* DATA FOR THE TASK

+---+

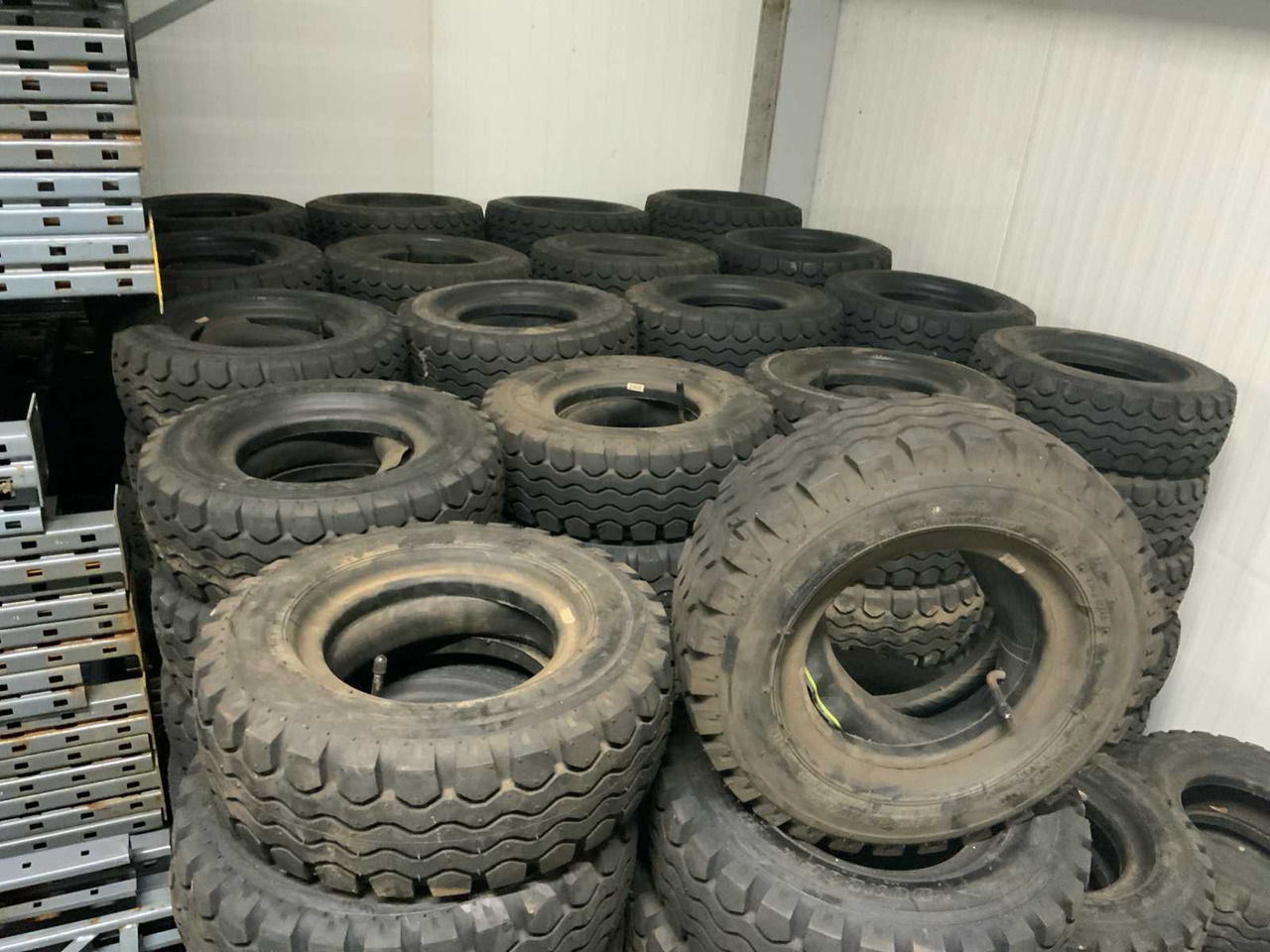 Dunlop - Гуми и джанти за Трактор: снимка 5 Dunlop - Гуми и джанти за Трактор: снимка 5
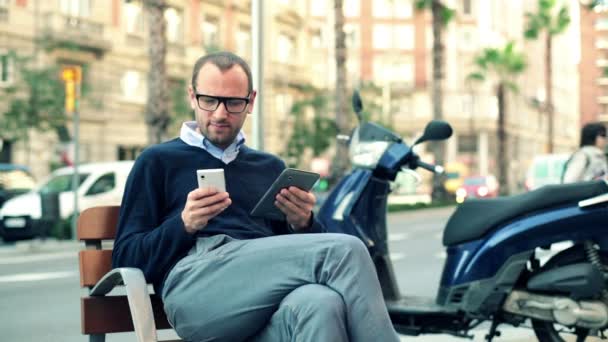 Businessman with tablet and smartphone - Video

+---+

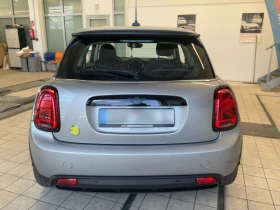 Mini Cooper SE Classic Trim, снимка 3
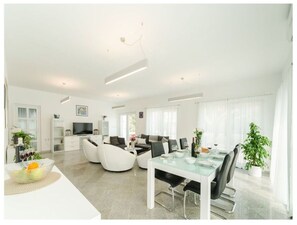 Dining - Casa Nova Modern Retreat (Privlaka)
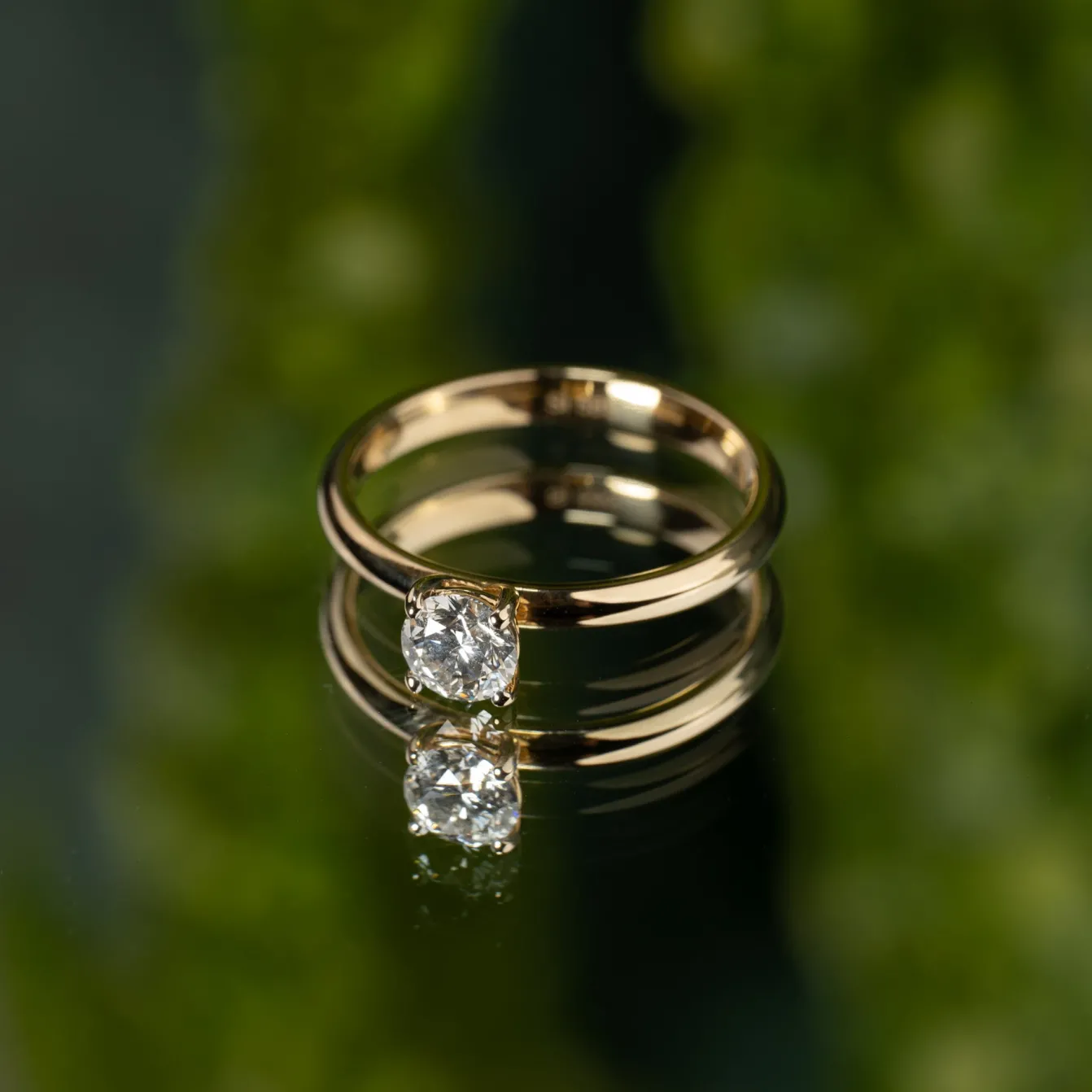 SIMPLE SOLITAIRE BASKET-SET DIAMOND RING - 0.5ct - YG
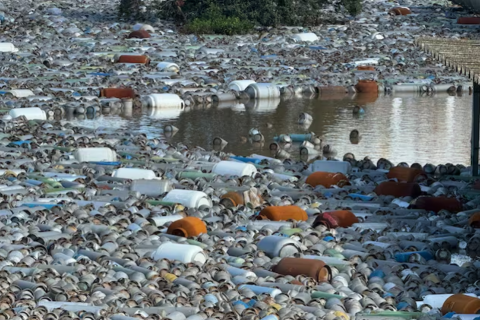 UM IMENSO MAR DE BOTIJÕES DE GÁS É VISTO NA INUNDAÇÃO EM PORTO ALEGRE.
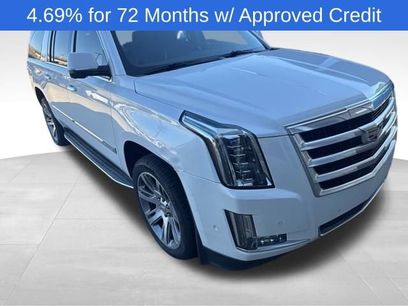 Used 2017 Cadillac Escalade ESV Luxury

+---+

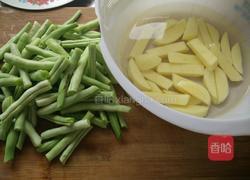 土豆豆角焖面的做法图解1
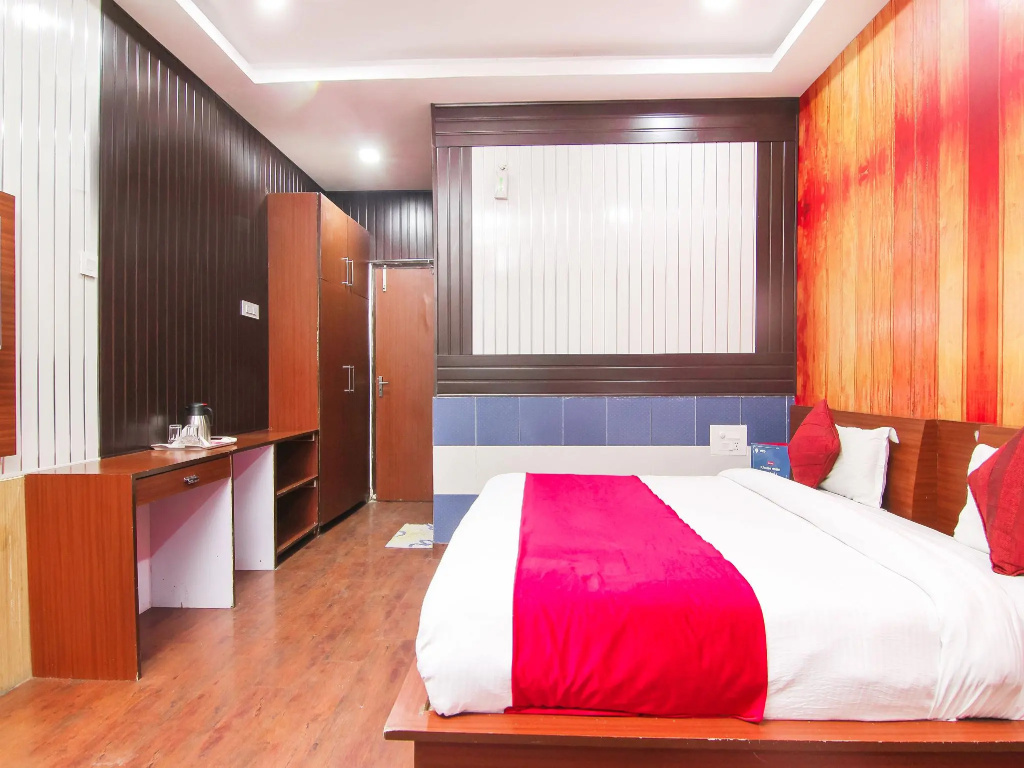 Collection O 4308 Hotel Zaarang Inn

+---+

Transcribe only this stretch of the data: the line with "土豆豆角焖面的做法图解1", the line with "Collection O 4308 Hotel Zaarang Inn", and every line in between. Leave out the pictures.

* RESPONSE FOR THIS EXERCISE
 土豆豆角焖面的做法图解1
 Collection O 4308 Hotel Zaarang Inn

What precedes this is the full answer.